[Source records]
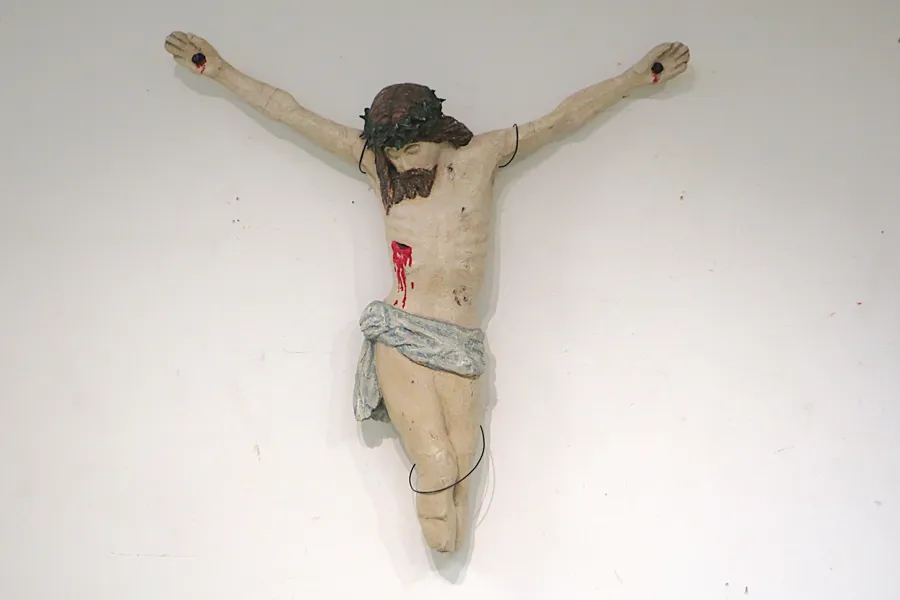 DEL AV KRUCIFIX/SKULPTUR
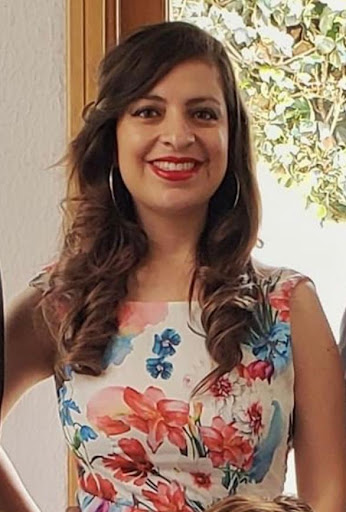 Dra. Andrea Susana Ortiz Flores - Oftalmologa Pediatra - Estrabismo - Oftalmologia Pediatrica La Paz Bolivia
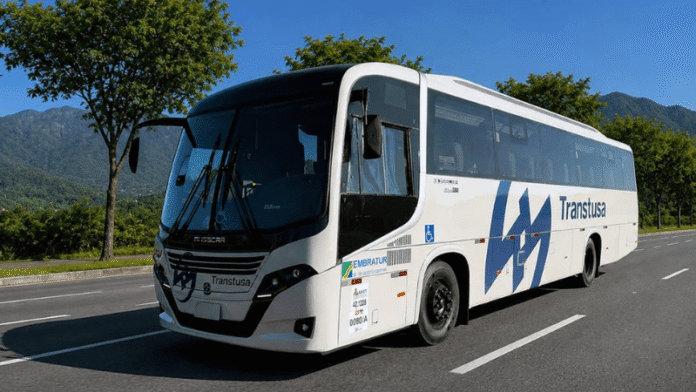 Busscar entrega novo El Buss 320 para operações de fretamento da Transtusa em Joinville (SC)
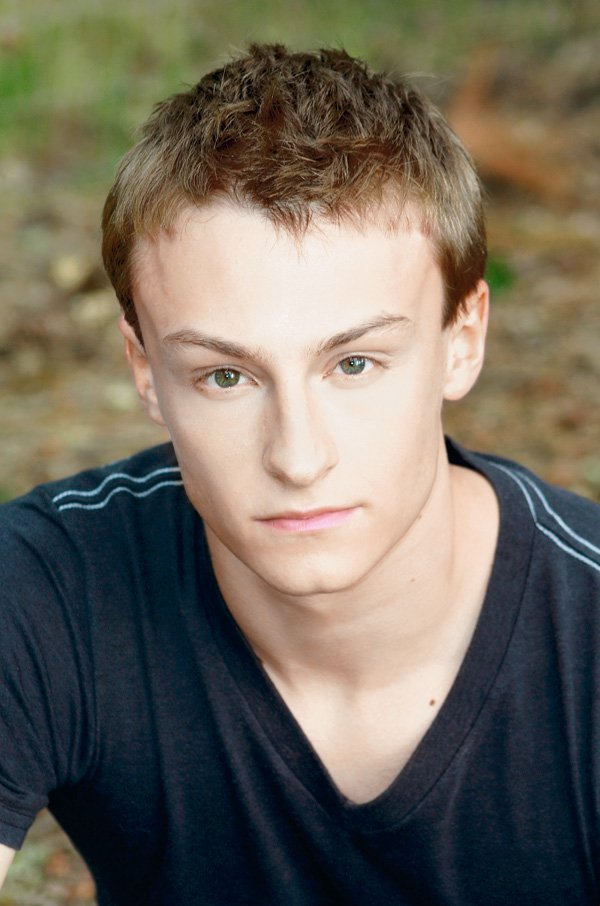 Фото - Bobby Preston: 600x906 / 80 Кб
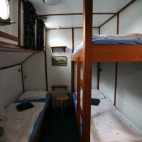 Triple cabin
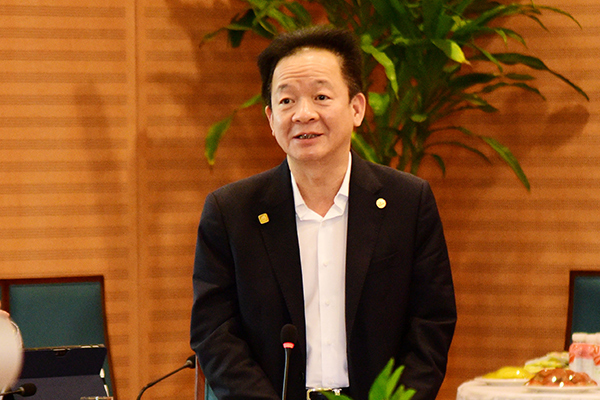 Bầu Hiển mong Hà Nội tháo gỡ ách tắc ở dự án sân Hàng Đẫy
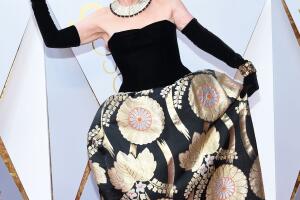 Rita Moreno fue a la 90 edición de los Oscar con el mismo vestido que lució en 1962 para recoger su estatuilla de mejor actriz secundaria por 'West Side Story'.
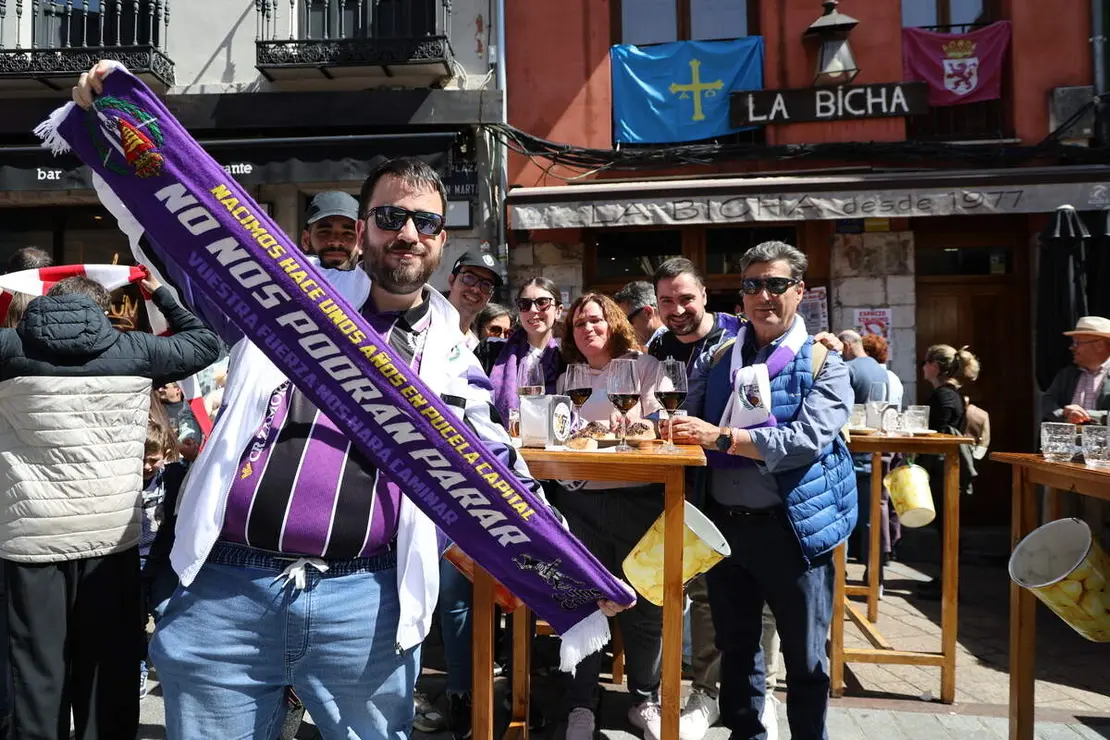 Ambiente festivo previo al partido de f&uacute;tbol Cultural-Valladolid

[Task instructions]
If pictures appear, drop them, and retype exactly the lines from the "Triple cabin" line through the last line of the data above.

[Answer space]
 Triple cabin
 Bầu Hiển mong Hà Nội tháo gỡ ách tắc ở dự án sân Hàng Đẫy
 Rita Moreno fue a la 90 edición de los Oscar con el mismo vestido que lució en 1962 para recoger su estatuilla de mejor actriz secundaria por 'West Side Story'.
 Ambiente festivo previo al partido de f&uacute;tbol Cultural-Valladolid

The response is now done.